*** Data provided Section Begins ***

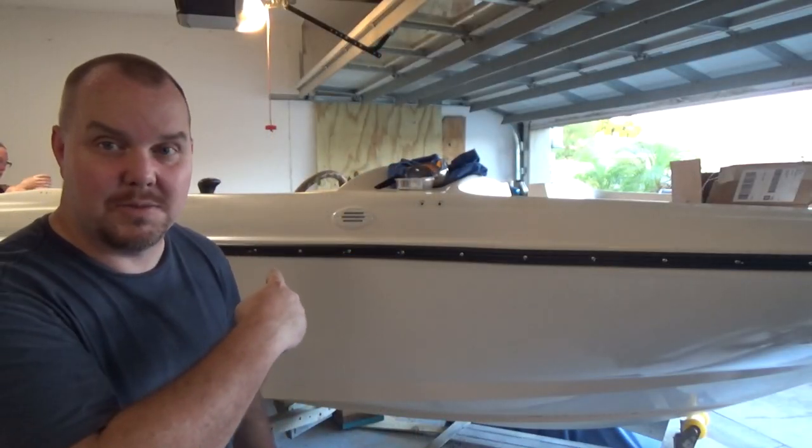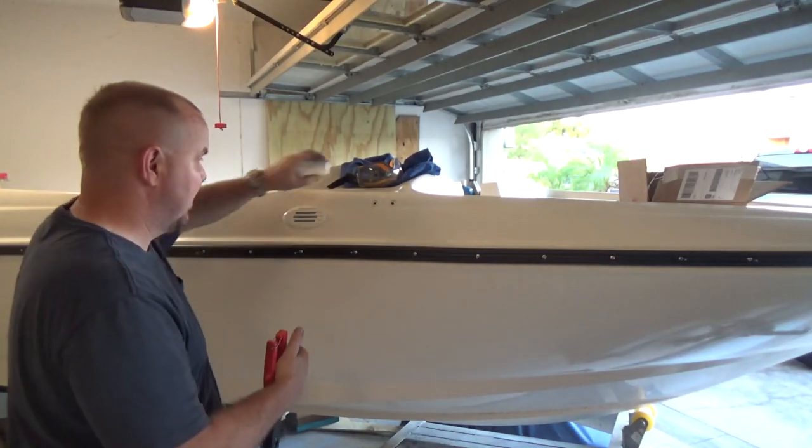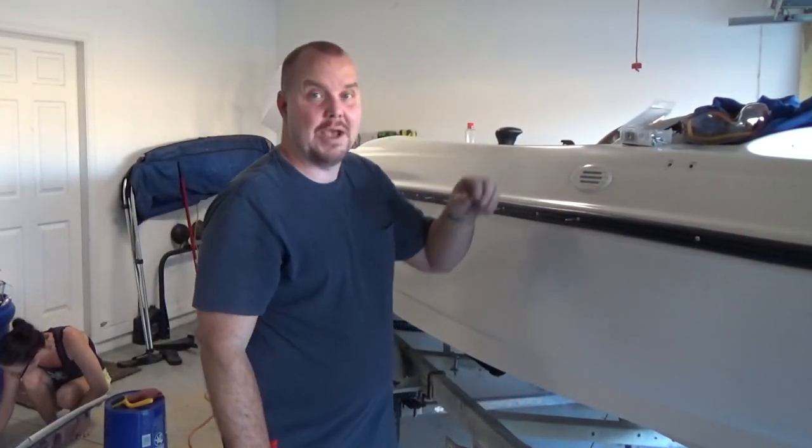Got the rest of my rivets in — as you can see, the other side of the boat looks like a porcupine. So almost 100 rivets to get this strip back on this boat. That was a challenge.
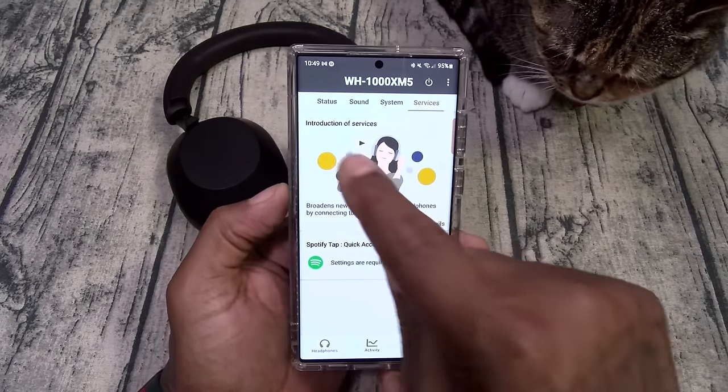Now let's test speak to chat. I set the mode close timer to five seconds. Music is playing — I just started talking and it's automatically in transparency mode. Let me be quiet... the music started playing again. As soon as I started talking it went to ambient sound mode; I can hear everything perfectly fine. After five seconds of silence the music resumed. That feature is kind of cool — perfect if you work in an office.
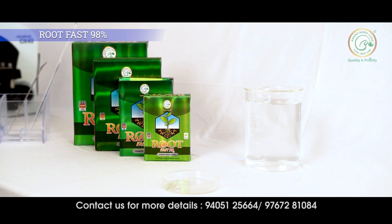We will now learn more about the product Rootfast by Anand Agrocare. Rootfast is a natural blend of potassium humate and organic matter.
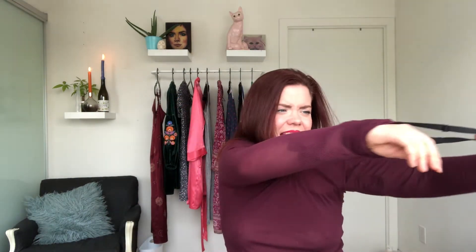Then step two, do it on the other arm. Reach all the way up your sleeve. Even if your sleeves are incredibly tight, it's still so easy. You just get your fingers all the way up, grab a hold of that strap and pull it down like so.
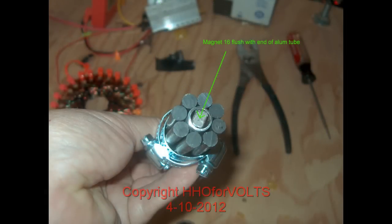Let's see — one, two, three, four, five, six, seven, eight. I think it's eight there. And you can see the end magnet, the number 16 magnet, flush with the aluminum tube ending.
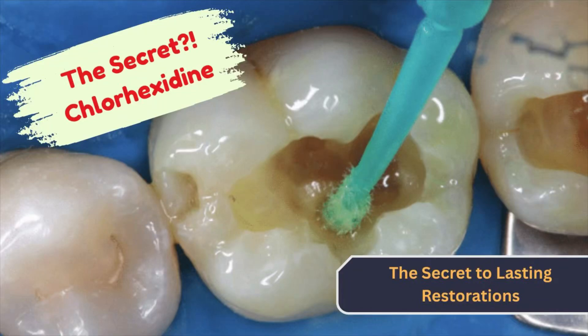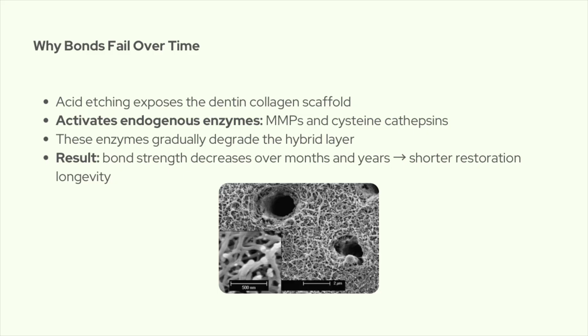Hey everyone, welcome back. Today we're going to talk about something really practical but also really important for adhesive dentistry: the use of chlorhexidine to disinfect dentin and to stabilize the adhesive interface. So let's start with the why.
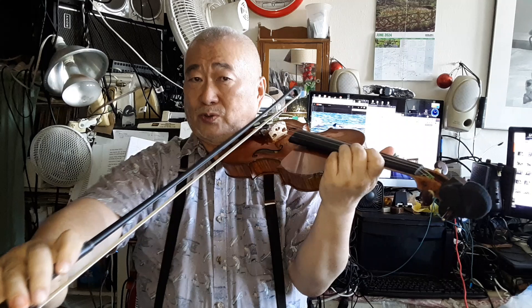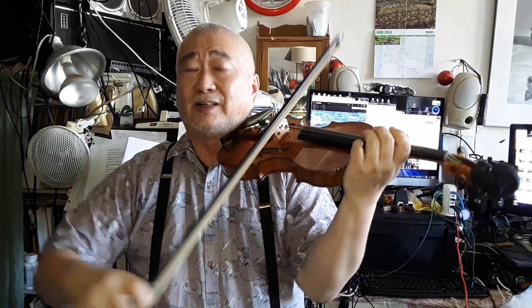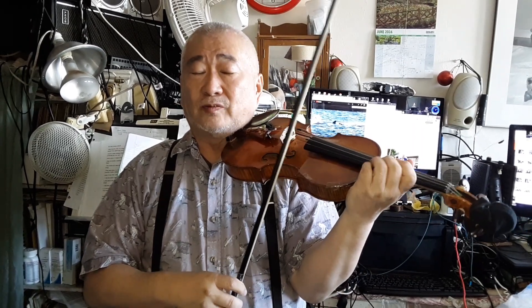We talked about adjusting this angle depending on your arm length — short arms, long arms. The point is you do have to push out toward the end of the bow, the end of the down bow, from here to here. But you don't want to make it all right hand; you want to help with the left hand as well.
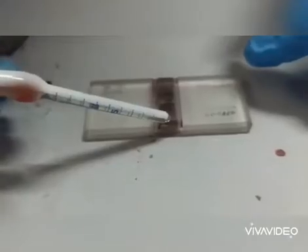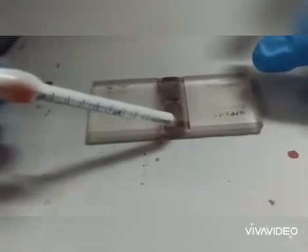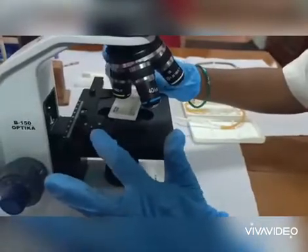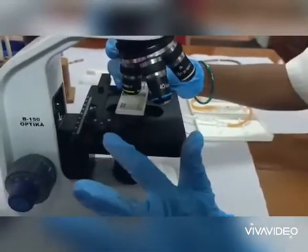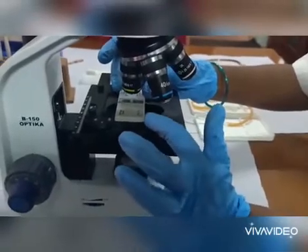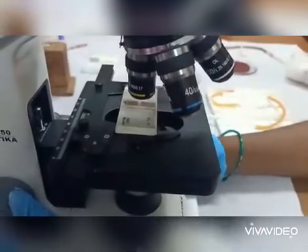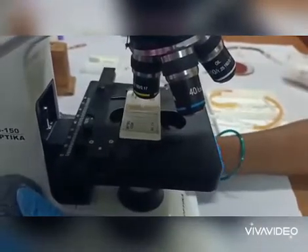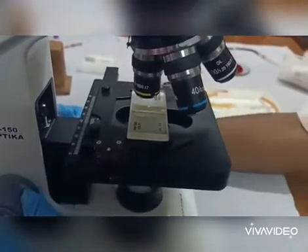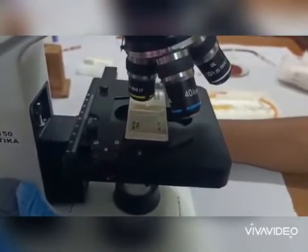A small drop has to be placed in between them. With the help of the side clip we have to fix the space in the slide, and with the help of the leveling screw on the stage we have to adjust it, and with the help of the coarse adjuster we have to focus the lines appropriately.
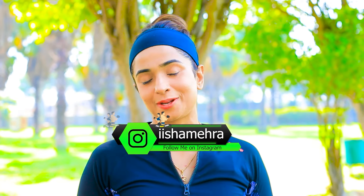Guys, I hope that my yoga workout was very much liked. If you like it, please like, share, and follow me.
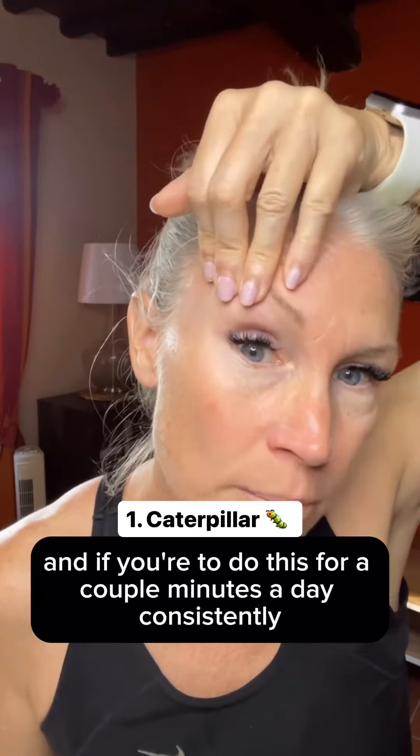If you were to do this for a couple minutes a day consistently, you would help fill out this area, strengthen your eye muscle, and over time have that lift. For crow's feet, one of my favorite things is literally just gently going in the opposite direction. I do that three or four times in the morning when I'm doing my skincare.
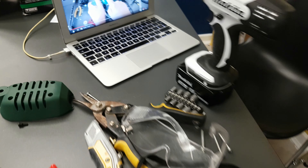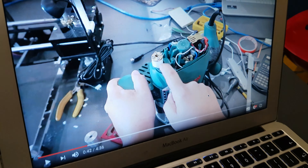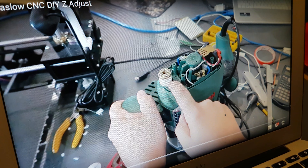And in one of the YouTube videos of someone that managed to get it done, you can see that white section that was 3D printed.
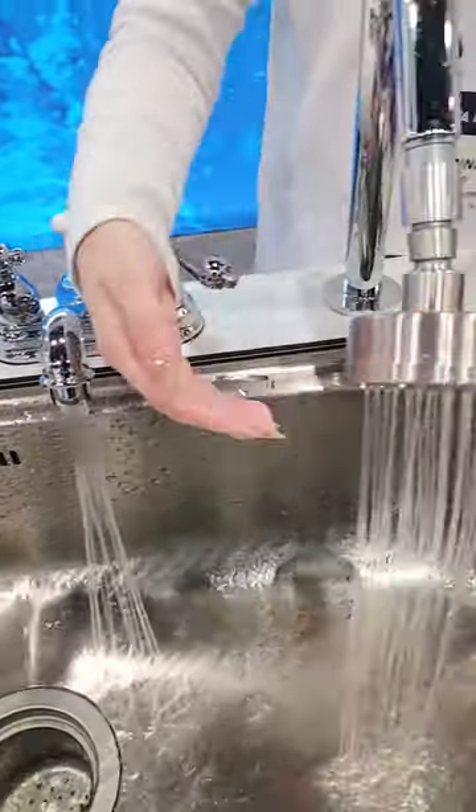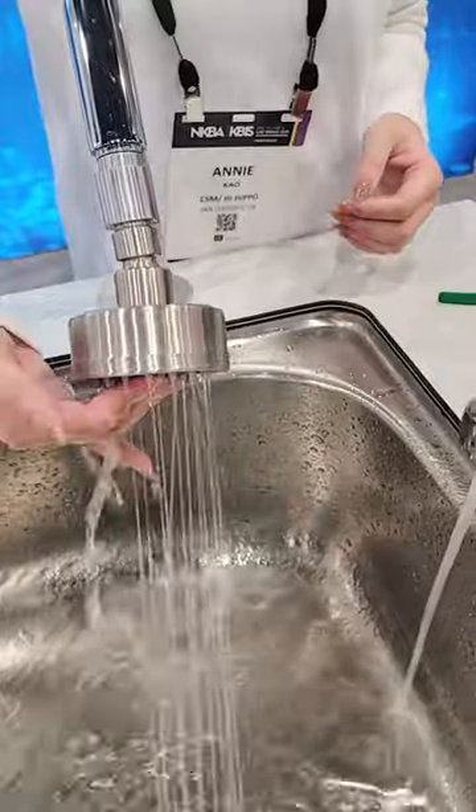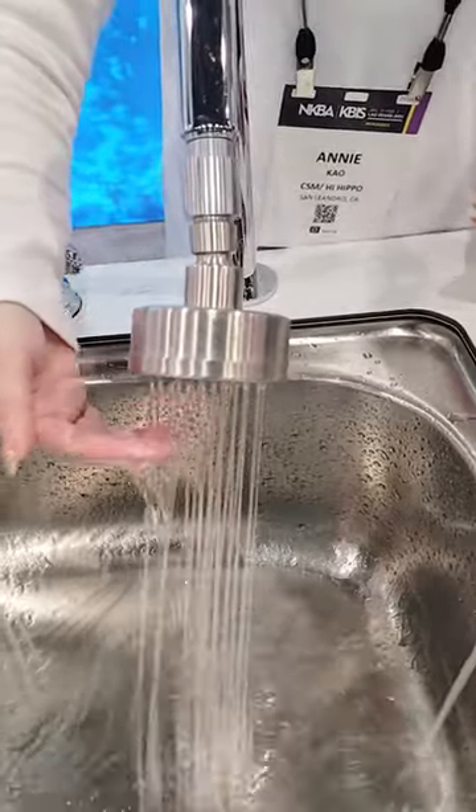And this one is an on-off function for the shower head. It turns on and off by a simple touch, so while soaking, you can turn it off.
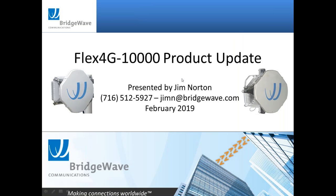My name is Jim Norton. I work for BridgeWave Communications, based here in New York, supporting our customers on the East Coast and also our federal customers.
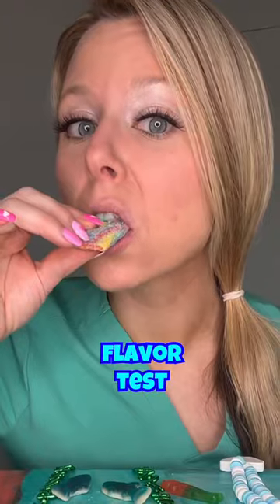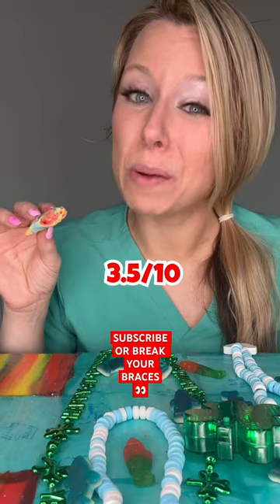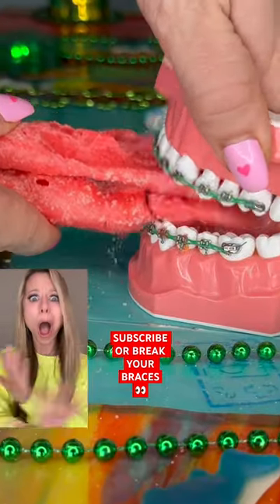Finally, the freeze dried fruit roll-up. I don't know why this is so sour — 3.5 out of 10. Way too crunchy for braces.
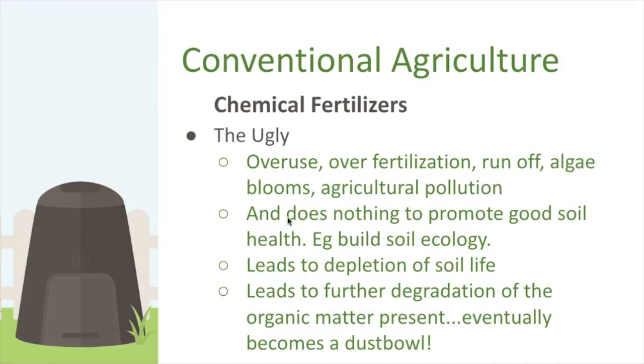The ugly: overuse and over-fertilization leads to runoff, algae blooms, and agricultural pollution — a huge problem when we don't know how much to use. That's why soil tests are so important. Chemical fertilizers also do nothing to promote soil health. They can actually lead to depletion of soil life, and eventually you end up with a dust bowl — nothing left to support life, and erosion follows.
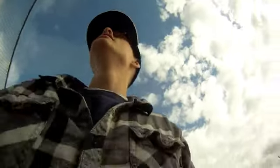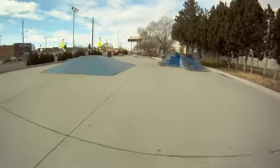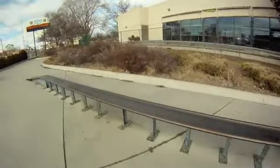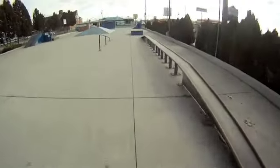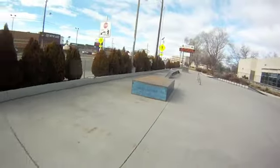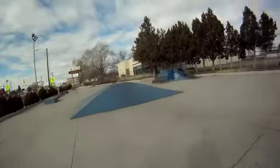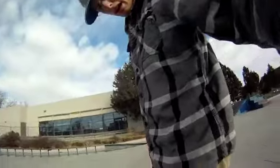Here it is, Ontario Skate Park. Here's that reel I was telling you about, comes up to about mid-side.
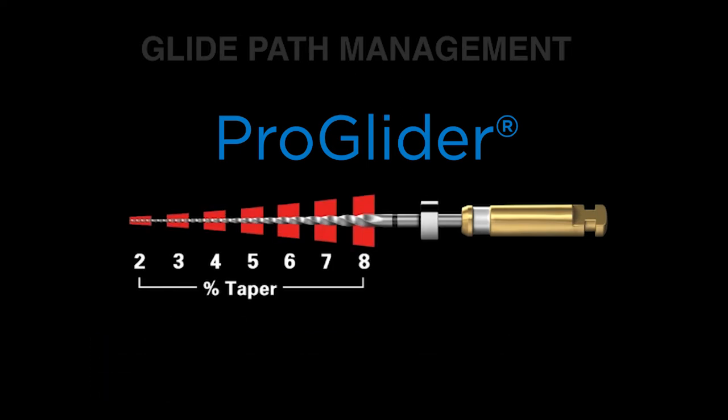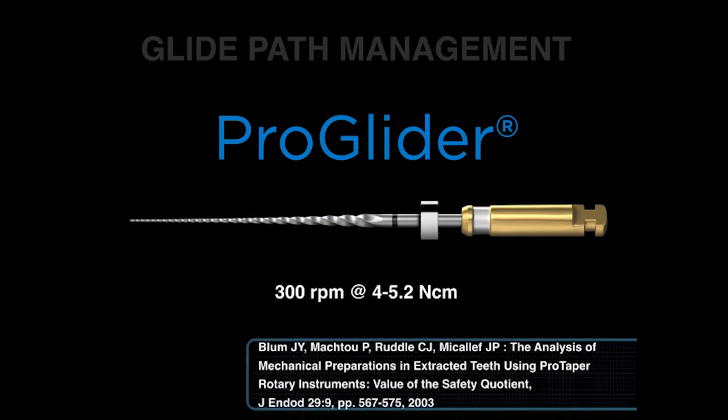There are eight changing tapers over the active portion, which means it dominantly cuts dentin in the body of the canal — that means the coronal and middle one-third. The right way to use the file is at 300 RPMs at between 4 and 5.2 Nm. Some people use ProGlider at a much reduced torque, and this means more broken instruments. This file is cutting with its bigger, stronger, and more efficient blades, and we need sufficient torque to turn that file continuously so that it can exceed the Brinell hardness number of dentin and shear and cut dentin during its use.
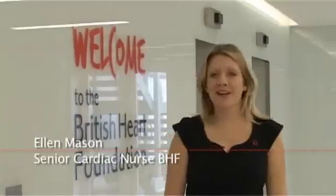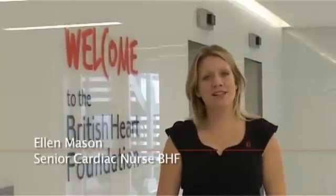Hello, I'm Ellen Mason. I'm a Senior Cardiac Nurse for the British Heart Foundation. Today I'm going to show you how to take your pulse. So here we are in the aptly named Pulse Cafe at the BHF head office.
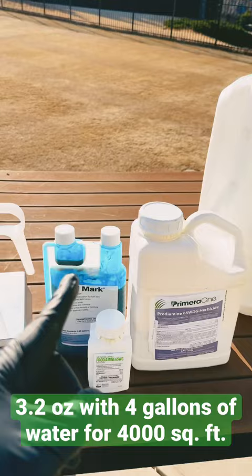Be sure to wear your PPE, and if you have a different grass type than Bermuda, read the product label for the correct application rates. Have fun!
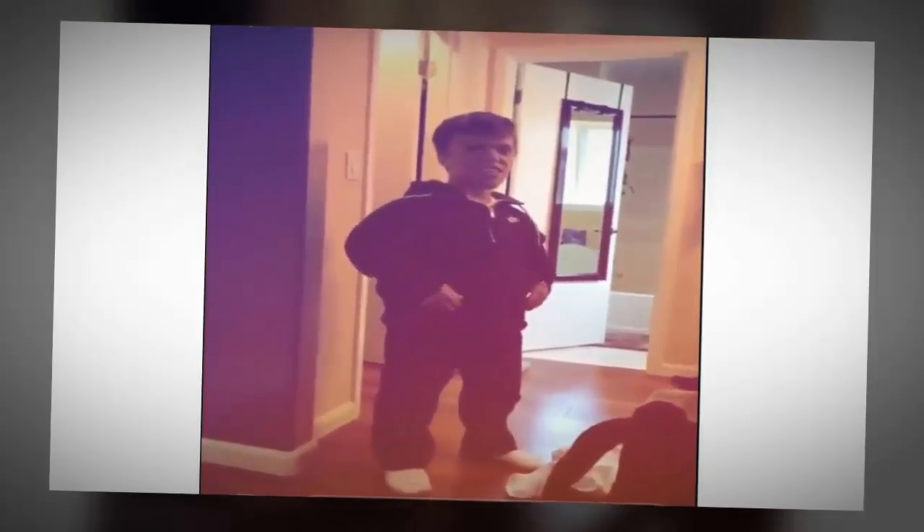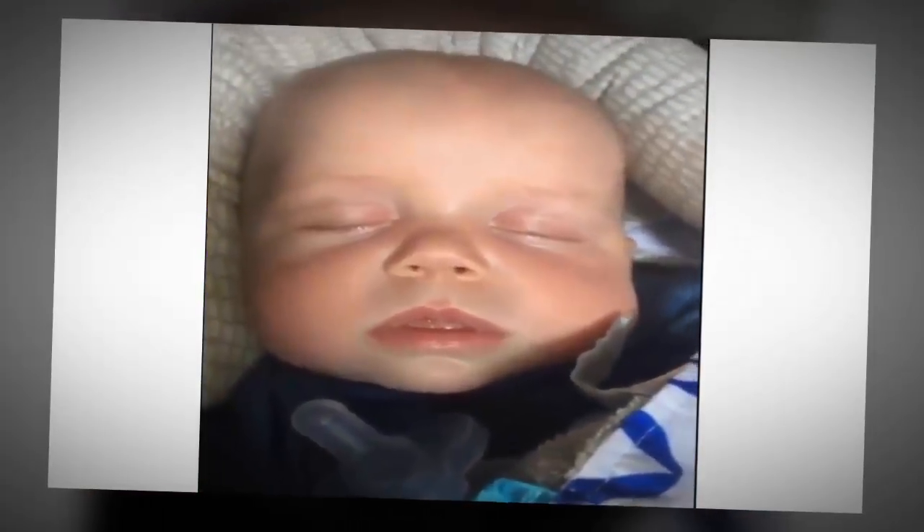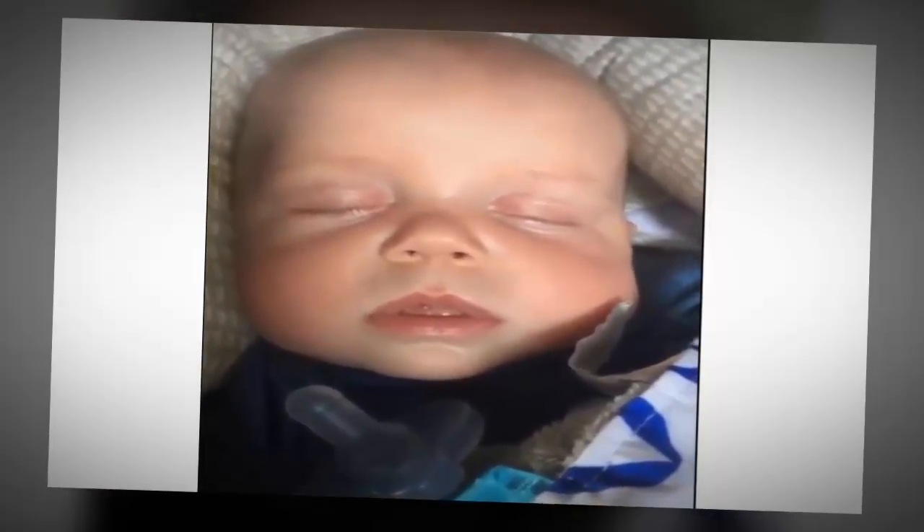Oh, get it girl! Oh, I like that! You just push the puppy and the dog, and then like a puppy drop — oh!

*** Data provided Section Ends ***

What you should produce is an exact copy of the records, with the pictures left out.

Got the rest of my rivets in — as you can see, the other side of the boat looks like a porcupine. So almost 100 rivets to get this strip back on this boat. That was a challenge.
Now let's test speak to chat. I set the mode close timer to five seconds. Music is playing — I just started talking and it's automatically in transparency mode. Let me be quiet... the music started playing again. As soon as I started talking it went to ambient sound mode; I can hear everything perfectly fine. After five seconds of silence the music resumed. That feature is kind of cool — perfect if you work in an office.
We will now learn more about the product Rootfast by Anand Agrocare. Rootfast is a natural blend of potassium humate and organic matter.
Then step two, do it on the other arm. Reach all the way up your sleeve. Even if your sleeves are incredibly tight, it's still so easy. You just get your fingers all the way up, grab a hold of that strap and pull it down like so.
Let's see — one, two, three, four, five, six, seven, eight. I think it's eight there. And you can see the end magnet, the number 16 magnet, flush with the aluminum tube ending.
Hey everyone, welcome back. Today we're going to talk about something really practical but also really important for adhesive dentistry: the use of chlorhexidine to disinfect dentin and to stabilize the adhesive interface. So let's start with the why.
We talked about adjusting this angle depending on your arm length — short arms, long arms. The point is you do have to push out toward the end of the bow, the end of the down bow, from here to here. But you don't want to make it all right hand; you want to help with the left hand as well.
A small drop has to be placed in between them. With the help of the side clip we have to fix the space in the slide, and with the help of the leveling screw on the stage we have to adjust it, and with the help of the coarse adjuster we have to focus the lines appropriately.
Guys, I hope that my yoga workout was very much liked. If you like it, please like, share, and follow me.
If you were to do this for a couple minutes a day consistently, you would help fill out this area, strengthen your eye muscle, and over time have that lift. For crow's feet, one of my favorite things is literally just gently going in the opposite direction. I do that three or four times in the morning when I'm doing my skincare.
And in one of the YouTube videos of someone that managed to get it done, you can see that white section that was 3D printed.
And this one is an on-off function for the shower head. It turns on and off by a simple touch, so while soaking, you can turn it off.
My name is Jim Norton. I work for BridgeWave Communications, based here in New York, supporting our customers on the East Coast and also our federal customers.
Finally, the freeze dried fruit roll-up. I don't know why this is so sour — 3.5 out of 10. Way too crunchy for braces.
The ugly: overuse and over-fertilization leads to runoff, algae blooms, and agricultural pollution — a huge problem when we don't know how much to use. That's why soil tests are so important. Chemical fertilizers also do nothing to promote soil health. They can actually lead to depletion of soil life, and eventually you end up with a dust bowl — nothing left to support life, and erosion follows.
Here it is, Ontario Skate Park. Here's that reel I was telling you about, comes up to about mid-side.
There are eight changing tapers over the active portion, which means it dominantly cuts dentin in the body of the canal — that means the coronal and middle one-third. The right way to use the file is at 300 RPMs at between 4 and 5.2 Nm. Some people use ProGlider at a much reduced torque, and this means more broken instruments. This file is cutting with its bigger, stronger, and more efficient blades, and we need sufficient torque to turn that file continuously so that it can exceed the Brinell hardness number of dentin and shear and cut dentin during its use.
Hello, I'm Ellen Mason. I'm a Senior Cardiac Nurse for the British Heart Foundation. Today I'm going to show you how to take your pulse. So here we are in the aptly named Pulse Cafe at the BHF head office.
Be sure to wear your PPE, and if you have a different grass type than Bermuda, read the product label for the correct application rates. Have fun!
Oh, get it girl! Oh, I like that! You just push the puppy and the dog, and then like a puppy drop — oh!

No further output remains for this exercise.